Bien que ce format ait récemment connu un certain succès en Irlande, où l’Assemblée citoyenne a recommandé au gouvernement de “minimiser, voire de supprimer complètement” les condamnations pénales pour possession de drogue, ce point a été rejeté par la Commission européenne.
Selon la CE, cette demande “ne relève pas des pouvoirs de la Commission de soumettre une proposition d’acte juridique”.
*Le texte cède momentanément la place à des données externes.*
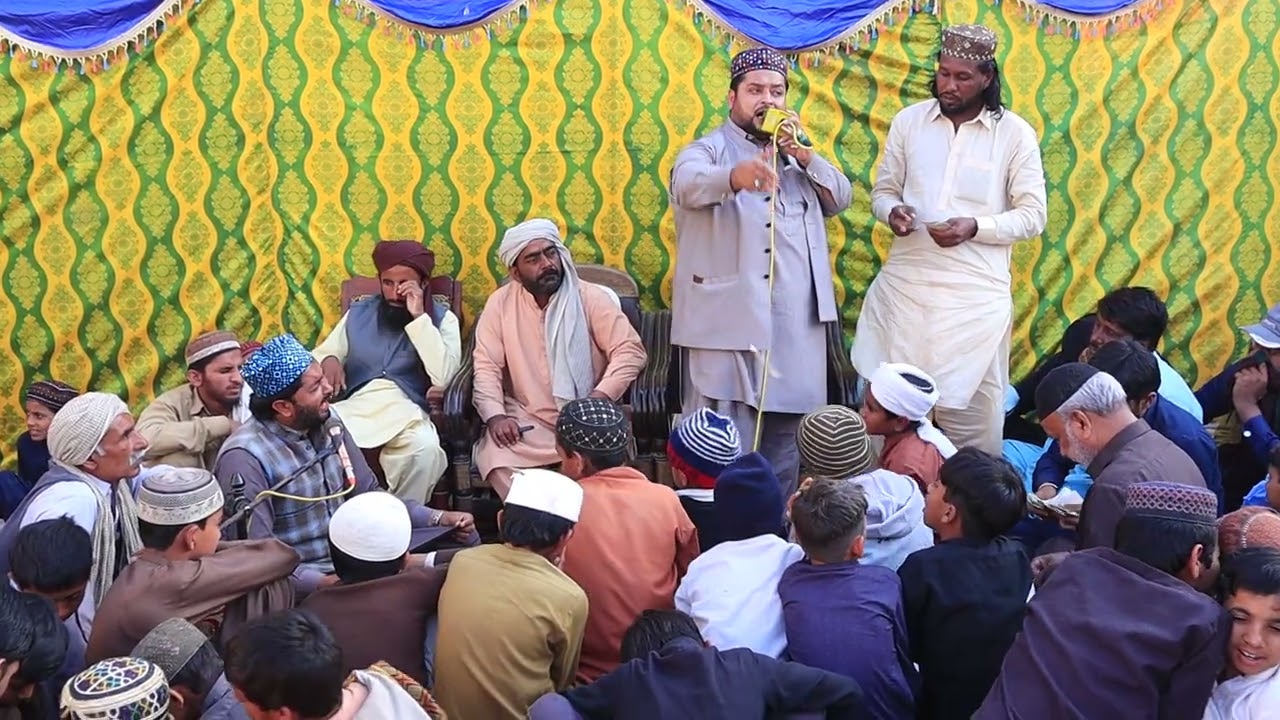 Zaheer Abbas Faridi Naat Khan 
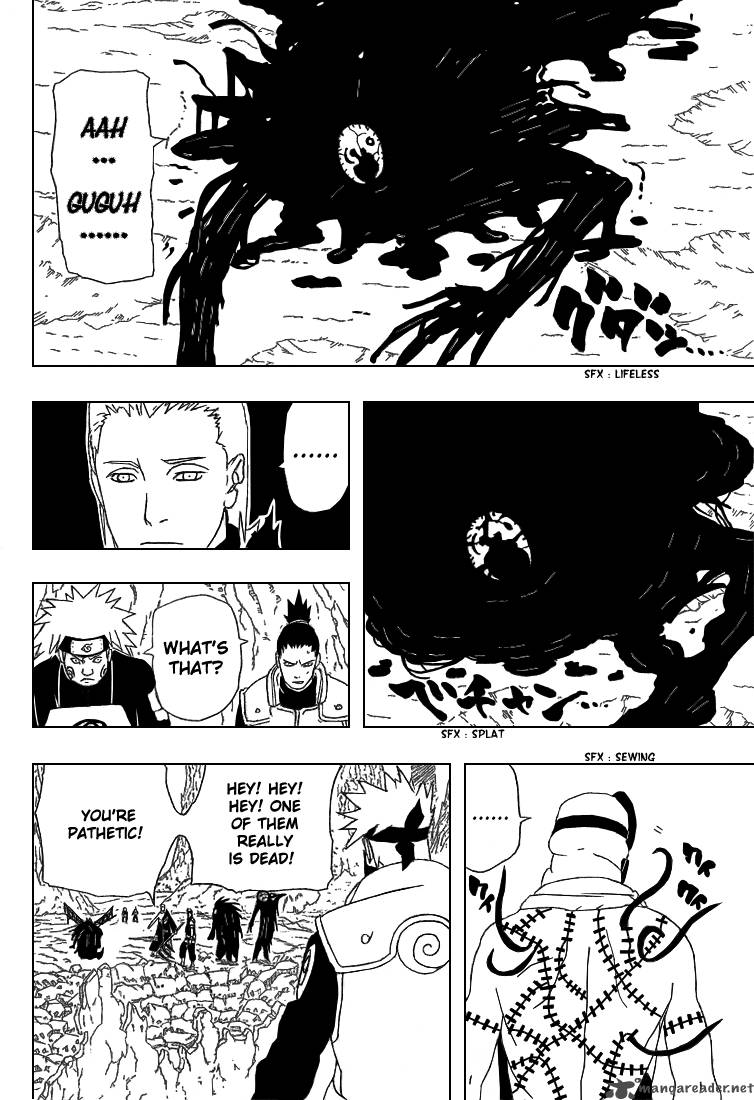 Naruto Chapter 334 - Page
En revanche, les deuxième et troisième demandes soumises ont été enregistrées avec succès. Il s’agit des demandes visant à :
- Favoriser l’accès au cannabis médical sur la base de preuves scientifiques et de l’expérience des patients, et permettre aux patients de transporter du cannabis et n’importe lequel de ses dérivés prescrits à des fins thérapeutiques dans toute l’UE afin d’assurer la pleine jouissance du droit à la santé
- Allouer les ressources nécessaires à la recherche sur le cannabis – y compris dans la phytothérapie et la médecine traditionnelle – pour ses usages thérapeutiques et les partager au niveau international.
Maintenant que ces points ont été enregistrés avec succès, les organisateurs de l’ICE auront six mois pour ouvrir une “collecte de signatures”.
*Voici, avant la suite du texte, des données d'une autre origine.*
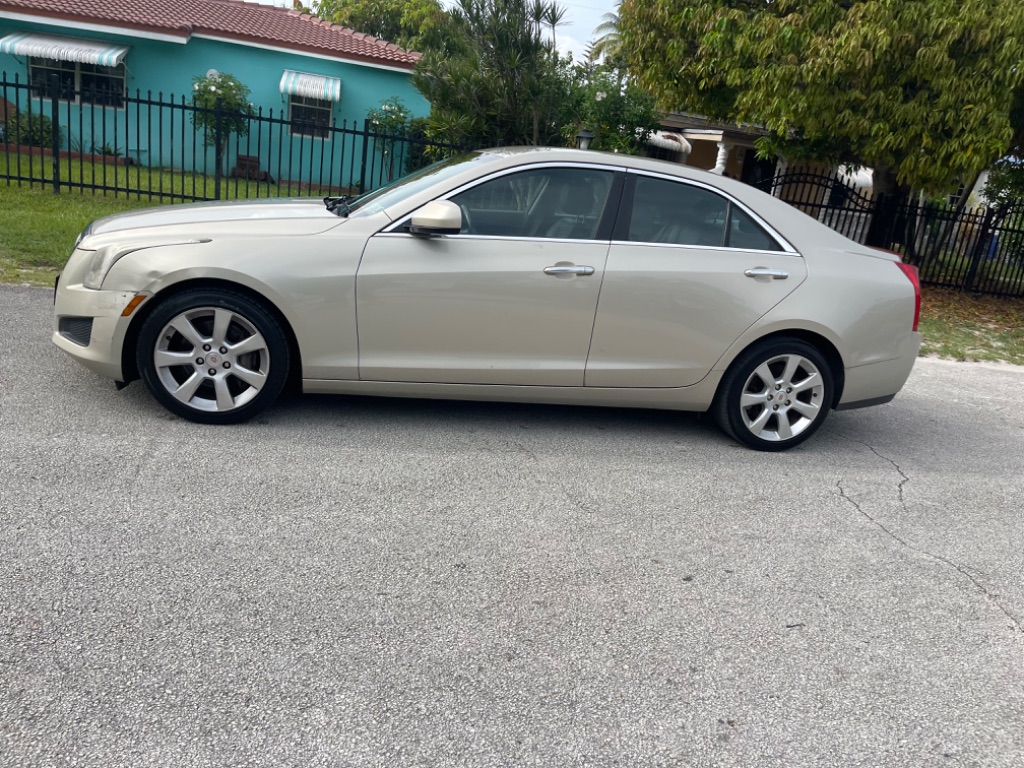 2014 Cadillac ATS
Pour ce faire, le groupe devra recueillir au moins un million de signatures vérifiées dans au moins sept États membres de l’UE dans un délai de 12 mois, avec un nombre minimum de signatures pour chaque pays en fonction de sa population.
L’OEDT cherche à “soutenir les décideurs politiques” sur le cannabis
La même semaine, l’OEDT a publié son “document unique de programmation“, exposant ses activités prévues pour les deux prochaines années dans ce qu’il décrit comme “sans aucun doute, la période la plus transformatrice dans la vie de l’agence à ce jour”.
L’organisation doit être remplacée par l’Agence Européenne des Drogues (EUDA) le 2 juillet 2024, avec “un mandat élargi et renforcé”, une augmentation de 40% du personnel et une augmentation de 80% du budget.
Alors que son rôle est bien plus axé sur la surveillance et la lutte contre le marché des drogues illicites, l’organisation semble se positionner pour examiner l’impact de ce qu’elle prévoit être une tendance continue à la libéralisation de la politique du cannabis à travers l’Europe.
Elle prévoit également de créer une “boîte à outils” comprenant des “ressources pour aider les décideurs politiques à mettre en œuvre des décisions fondées sur des preuves dans le domaine de la politique du cannabis”.
L’organisation déclare qu’en 2024 et au-delà, elle “renforcera sa concentration sur le développement de ressources dans le domaine des politiques et des interventions relatives au cannabis”, en raison des changements survenus sur le marché du cannabis au cours des dernières années, qui ont vu les produits du cannabis devenir “de plus en plus diversifiés en Europe”.
“Cette évolution du marché européen du cannabis s’inscrit dans un contexte mondial où les pays explorent de plus en plus des alternatives à la prohibition et où certains s’orientent vers des marchés réglementés ou légalisés du cannabis à usage récréatif. Certains États membres de l’UE ont commencé à modifier leur approche politique de la consommation récréative de cannabis”, poursuit le rapport.
“Les développements récents montrent qu’il existe différentes options, y compris des systèmes avec des sanctions pénales pour les utilisateurs, des systèmes avec des autorisations pour la culture à domicile et l’utilisation en privé, et des systèmes avec une production et des ventes commerciales ou contrôlées par l’État.”
“Ces dernières années, l’OEDT a répondu à un nombre croissant de demandes des États membres dans ce domaine et a apporté son soutien à des initiatives nationales, notamment en ce qui concerne l’élaboration d’indicateurs sur le cannabis et le suivi de l’impact des changements de politique dans ce domaine.”
Dans cette optique, il est nécessaire de mettre en place “une infrastructure de données appropriée” pour suivre ce changement et examiner l’impact sur la santé publique et le marché illicite.
Au cours des deux prochaines années, elle prévoit de jeter les bases d’une “boîte à outils pour la politique du cannabis“, destinée à mieux aider “les décideurs et les planificateurs à élaborer et à évaluer la politique du cannabis dans leur pays”.